Replenishing the sparse data cubes from the hyperspectral imager Hyperscout-H of the Hera mission

Grieger, Bjoern; de Leon, Julia; Goldberg, Hannah; Kohout, Tomas; Kovács, Gábor; Kueppers, Michael; Nagy, Balázs Vince; Popescu, Marcel
Referencia bibliográfica

AAS/Division for Planetary Sciences Meeting Abstracts

Fecha de publicación:
10
2023
Número de autores
8
Número de autores del IAC
1
Número de citas
0
Número de citas referidas
0
Descripción
On 26 September 2022, NASA's Double Asteroid Redirection Test (DART) mission impacted Dimorphos, the moonlet of near-earth asteroid (65803) Didymos, performing the world's first planetary defence test. ESA's Hera mission will be launched in October 2024 and rendezvous with the Didymos system end of 2026 or beginning of 2027. It will closely investigate the system and in particular the consequences of the DART impact. Hera carries the hyperspectral imager Hyperscout-H. Its sensor consists of 2048 x 1088 pixels which are arranged in macro pixel blocks of 5 x 5 pixels. The 25 pixels of each block are covered with filters in 25 different wavelengths from 650 to 975 nm. Therefore, each of the 2048 x 1088 pixels provides only the brightness information for one wavelength and hence the theoretical 2048 x 1088 x 25 data cube is only sparsely populated. In order to test retrieval algorithms, we have created a fully populated test data cube by folding Chandrayaan-1/SIR-2 near infrared spectra with a Rosetta/OSIRIS image. This is then reduced to the actual Hyperscout-H data content. We replenish the reduced data with different methods and compare the results to the full data cube.
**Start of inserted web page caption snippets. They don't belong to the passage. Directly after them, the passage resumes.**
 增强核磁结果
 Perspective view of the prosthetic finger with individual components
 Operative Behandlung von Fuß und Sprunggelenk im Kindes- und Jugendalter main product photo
A simple straight forward approach is to move a 5 x 5 pixel window with one pixel steps over the whole frame and assign the obtained 25 wavelengths spectrum to the center pixel of the window. The accuracy of this method is limited by pixel to pixel variations of the spectra and even more by varying albedo and shading effects caused by varying surface inclination. The reconstructed cube explains only 69% of the variance of the original cube. In a second more comprehensive approach, we employ linear algebra methods, in particular Principal Component analysis, to fully replenish the data cube. We reconstruct full spectra from 3 x 3 pixel windows and assign these appropriately scaled to the center pixel. This increases the spatial resolution of the reconstructed spectra and takes into account albedo and shading effects. The full cube reconstructed in this way explains 99.7% of the variance of the original cube. We will further test our approach with more simulated data and real Hyperscout-H images obtained in the laboratory.